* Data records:
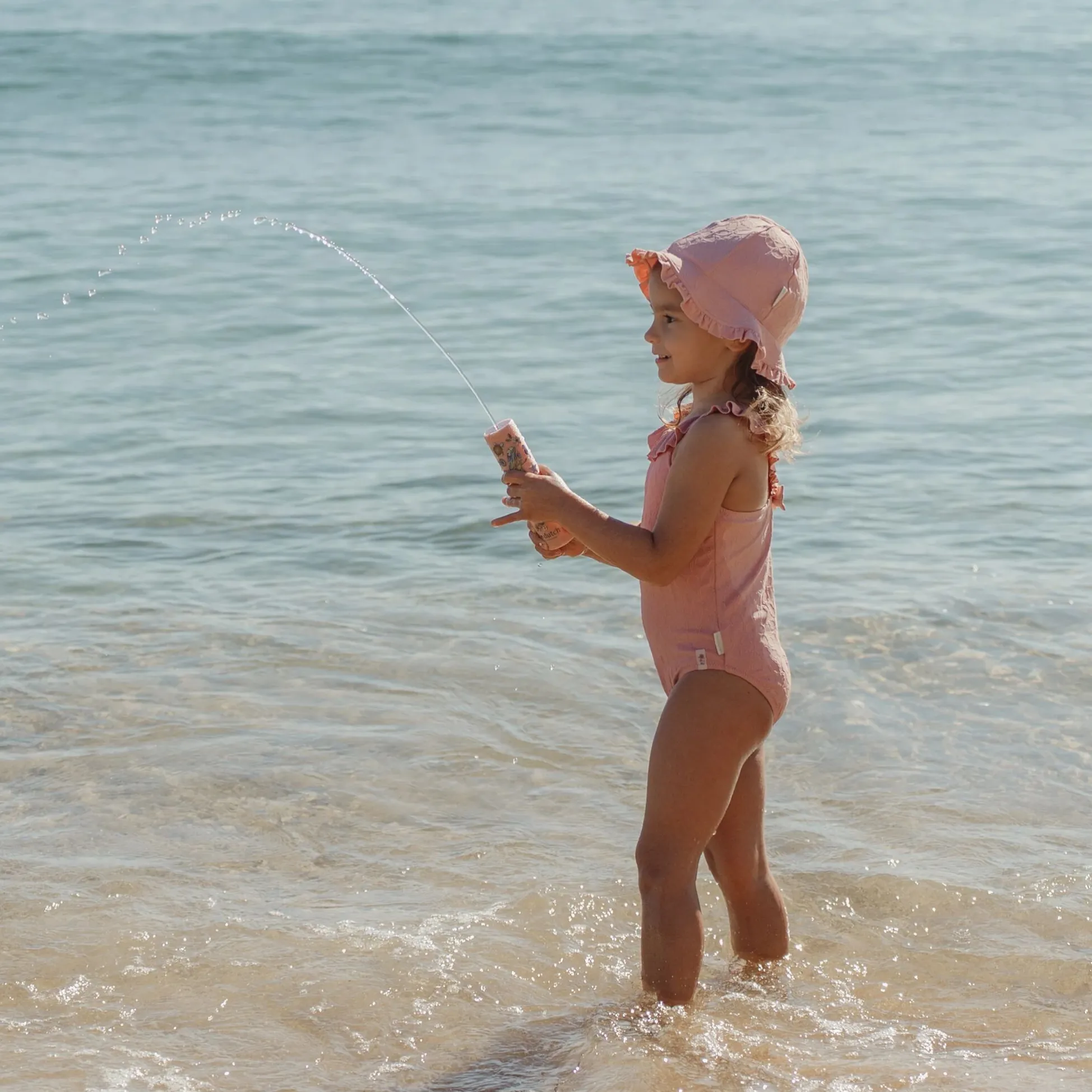 Foam Water Gun - Pink - Dreamy Mermaid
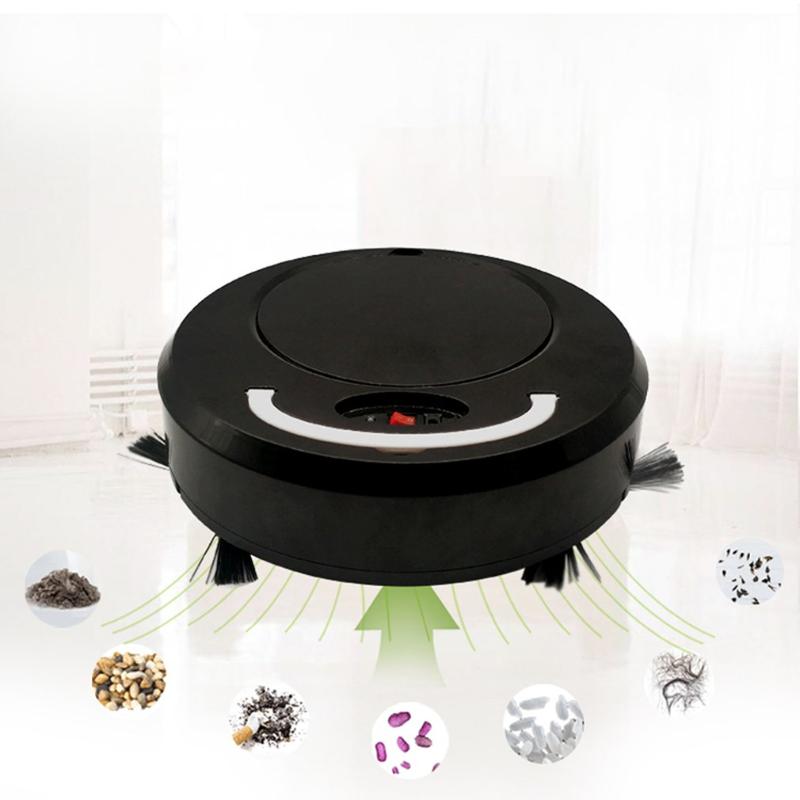 

Full Intelligent Sweeping Robot Three-In-One Sweeping Suction Lazy Sweeper Vacuum Cleaner Sweeper 2939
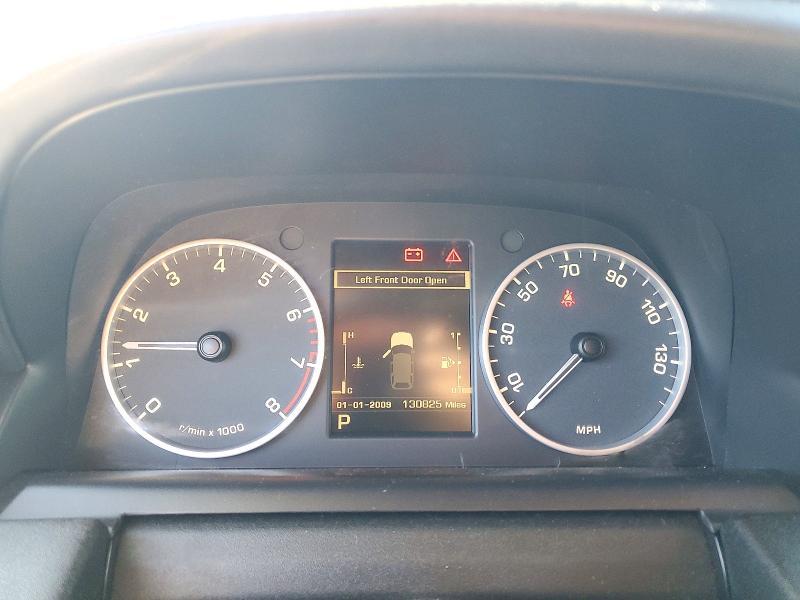 SALSK2D45DA766486 2013 Land Rover Range Rover photo no. 9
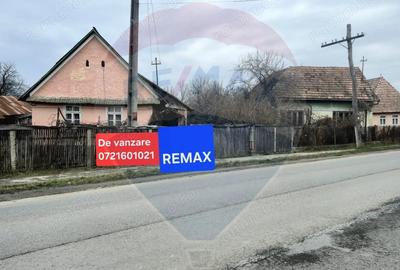 Casă cu 3 camere cu Teren 2821 Mp în Câmpulung la Tisa - 5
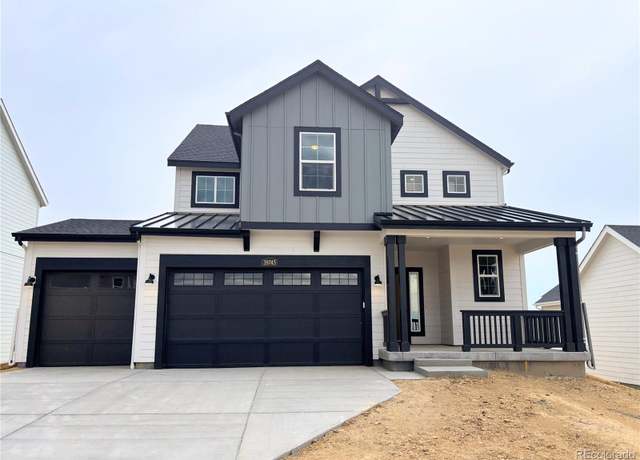 Property at 39745 Gibson St, Elizabeth, CO 80107, 4 beds, 3 baths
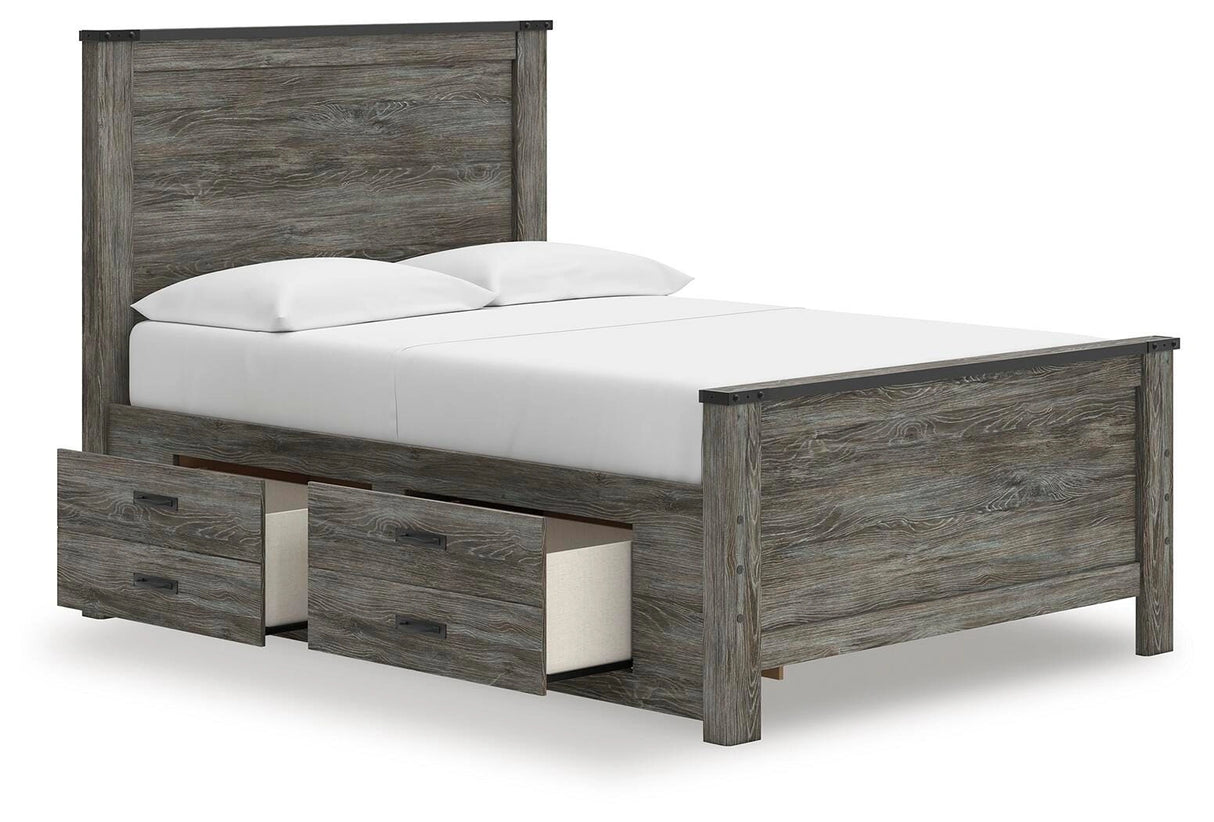 Frandern Full Bed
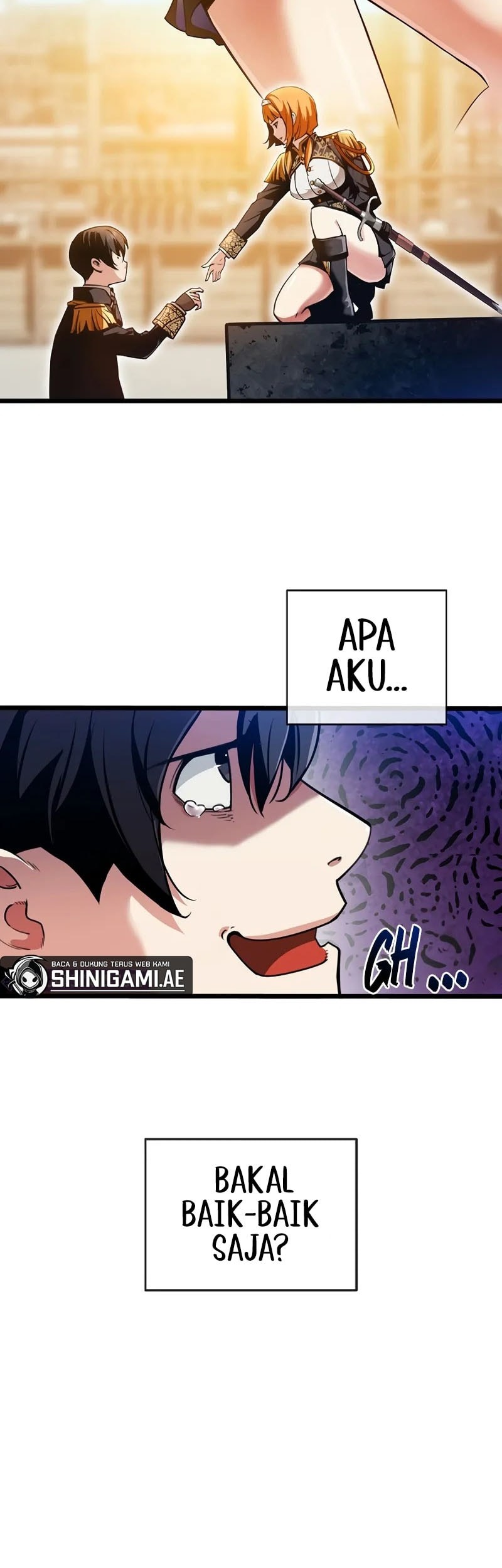 Fated To Be Loved By Villains Chapter 2 Gambar 4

* WHAT THE TASK ASKS:
Copy exactly the lines from the one containing "Property at 39745" through the final line of the records above, both included, and leave out any pictures.

* SOLUTION FOR THIS TASK:
 Property at 39745 Gibson St, Elizabeth, CO 80107, 4 beds, 3 baths
 Frandern Full Bed
 Fated To Be Loved By Villains Chapter 2 Gambar 4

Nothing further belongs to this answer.